「集団から個の時代へ」と言われる一方で、「個の時代なんてやってこない。あれはうそだ」という論説も見かけます。
論者によって「個」の定義がバラバラのため、混乱しているように思いますが、少なくとも私は、ドイツの社会学者ウルリッヒ・ベックが言うように「グローバル化に伴う脱伝統化によって、個人化する社会はいやおうなしに現れる」という論に賛成します。すでに、かつて人々の安心の拠り所だった地域・職場・家族といった集団的共同体が、近年大きく切り崩されているのは事実だからです。
そんな中、果たして集団主義的な日本人は対応していけるのか?という危機感を覚える人もいるでしょう。

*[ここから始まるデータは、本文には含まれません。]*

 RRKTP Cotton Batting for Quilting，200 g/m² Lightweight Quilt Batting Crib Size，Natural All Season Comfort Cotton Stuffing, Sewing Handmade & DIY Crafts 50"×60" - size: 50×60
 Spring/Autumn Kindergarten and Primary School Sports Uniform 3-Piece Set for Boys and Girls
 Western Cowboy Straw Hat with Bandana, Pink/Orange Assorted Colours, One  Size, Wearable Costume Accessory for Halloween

しかし、本当に日本人は、集団主義的で「みんなと一緒」が好きなのでしょうか?
世界各国の国民性の違い
世界的に有名な「沈没船ジョーク」というものがあります。世界各国の国民性をおもしろおかしく表現したものです。
世界各国の人々が乗った豪華客船が沈没しかかっています。しかし、乗客の数に比べて、脱出ボートの数は足りません。したがって、その船の船長は、乗客を海に飛び込ませようとしますが……。さて、船長が各国の人を飛び込ませるために放った言葉とは何でしょう?

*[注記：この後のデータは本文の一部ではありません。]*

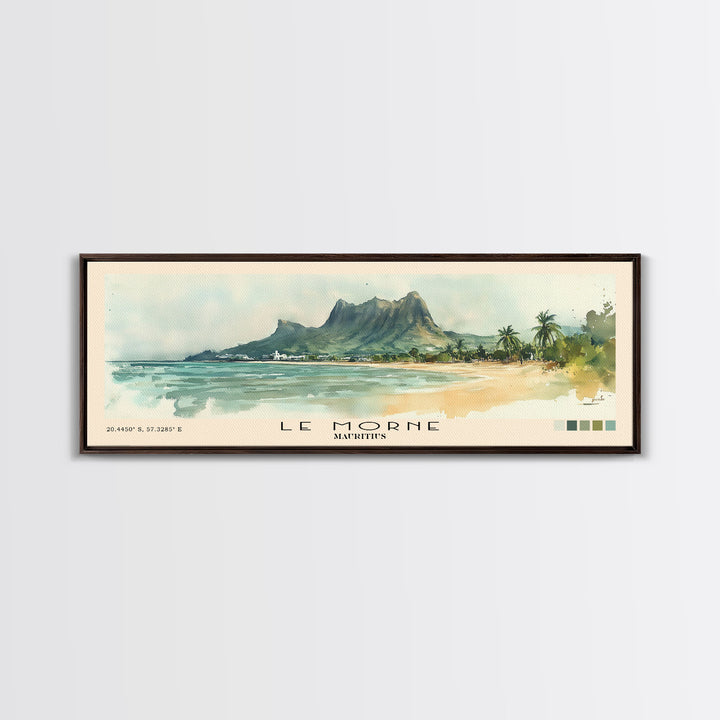 Le Morne, Mauritius Watercolor Print, Vacation Gift, Mauritius Wall Art, Beach Painting, Beach Decor, Large Wall Art, Wood Frame Art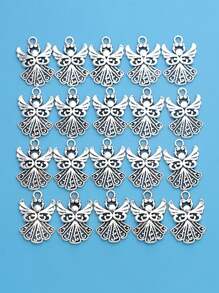 10/20/50Pcs Antique Silver Angel Fairy Charms Pendants For Bracelet Jewelry Making DIY Handmade Craft 20x14mm - Antique Silver - View 7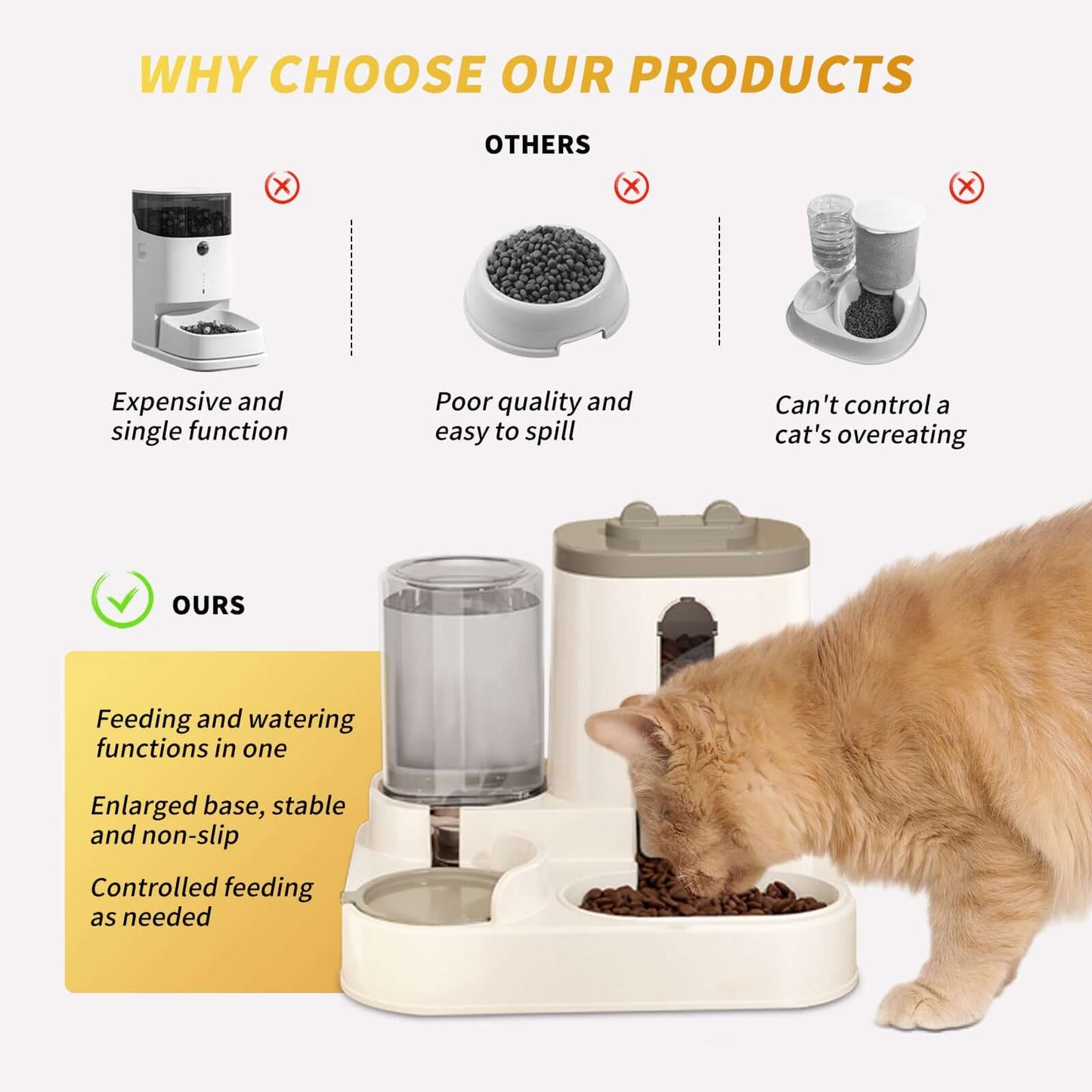 Automatic 2-in-1 Cat Food & Water Dispenser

ロシア人に対して・・・「海にウォッカのビンが流れていますよ」
イタリア人に対して・・・「海で美女が泳いでいますよ」
フランス人に対して・・・「決して海には飛び込まないでください」
イギリス人に対して・・・「紳士なら海に飛び込めますね」
ドイツ人に対して・・・「規則ですので海に飛び込んでください」
日本人に対して・・・「みなさんはもう飛び込みましたよ」
思わず「あるある」と納得される人も多いのではないでしょうか。日本文化論的にも「日本の社会は欧米に比べて集団主義的な傾向が強い」というのは、海外でも知られています。が、はたしてそれは本当でしょうか?